* ABOUT THIS EXERCISE *
With the pictures left out, set down the line containing "Silicone Scar Stick, 60%" and each line after it to the end of the material, exactly as written.

** Opening INPUT DATA block **

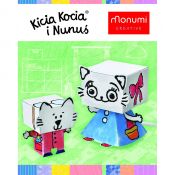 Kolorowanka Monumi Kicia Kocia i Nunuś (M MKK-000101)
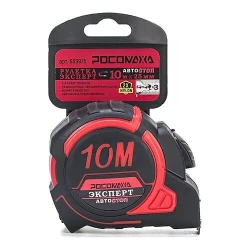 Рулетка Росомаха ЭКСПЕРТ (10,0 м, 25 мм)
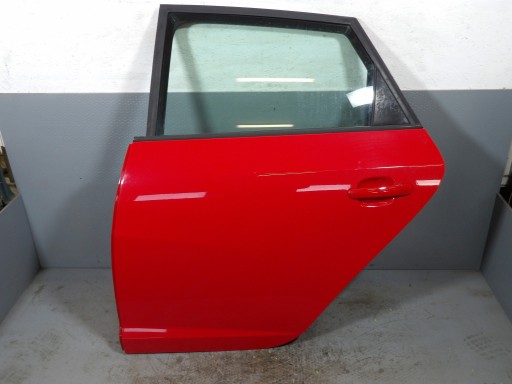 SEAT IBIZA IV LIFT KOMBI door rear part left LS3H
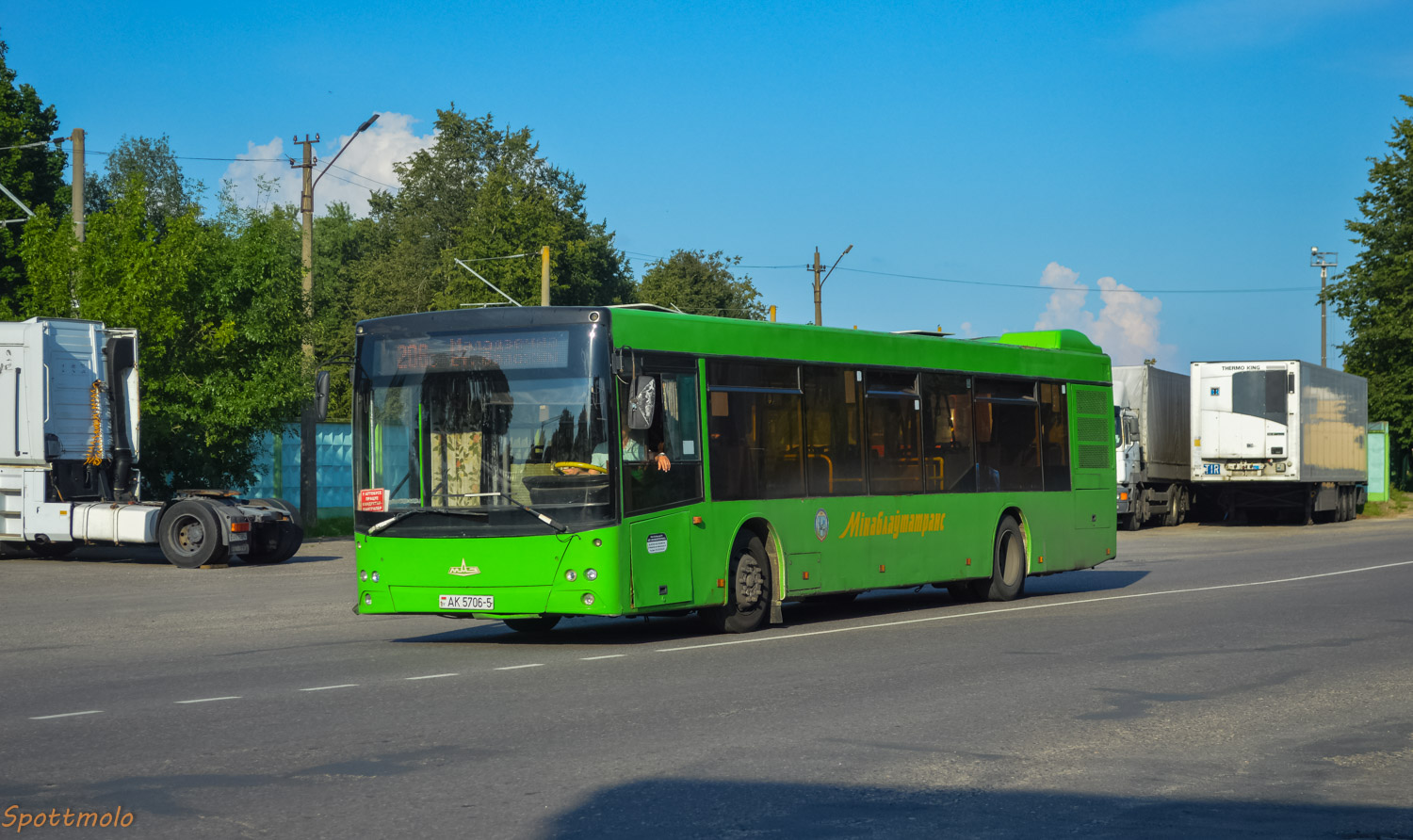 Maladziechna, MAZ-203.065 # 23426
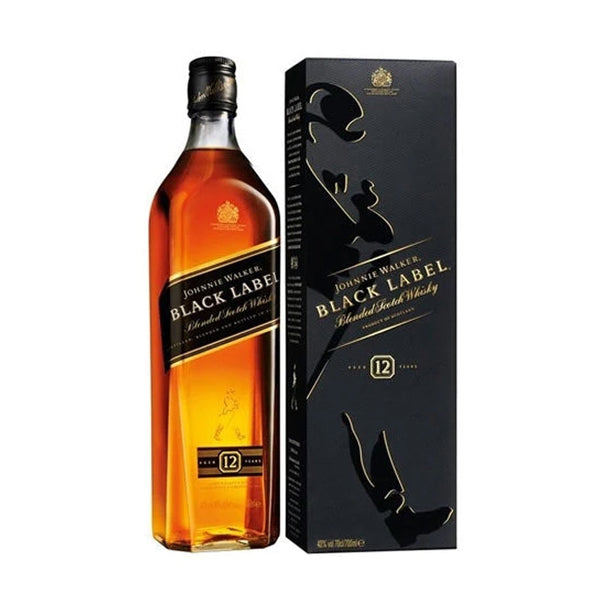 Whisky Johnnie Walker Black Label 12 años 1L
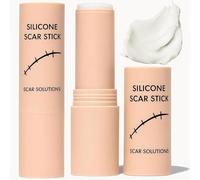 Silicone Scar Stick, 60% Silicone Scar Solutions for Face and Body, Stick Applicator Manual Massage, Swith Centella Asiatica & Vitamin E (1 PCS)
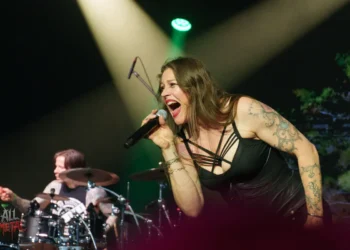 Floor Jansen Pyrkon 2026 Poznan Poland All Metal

** Closing INPUT DATA block **

* ANSWER SPACE *
 Silicone Scar Stick, 60% Silicone Scar Solutions for Face and Body, Stick Applicator Manual Massage, Swith Centella Asiatica & Vitamin E (1 PCS)
 Floor Jansen Pyrkon 2026 Poznan Poland All Metal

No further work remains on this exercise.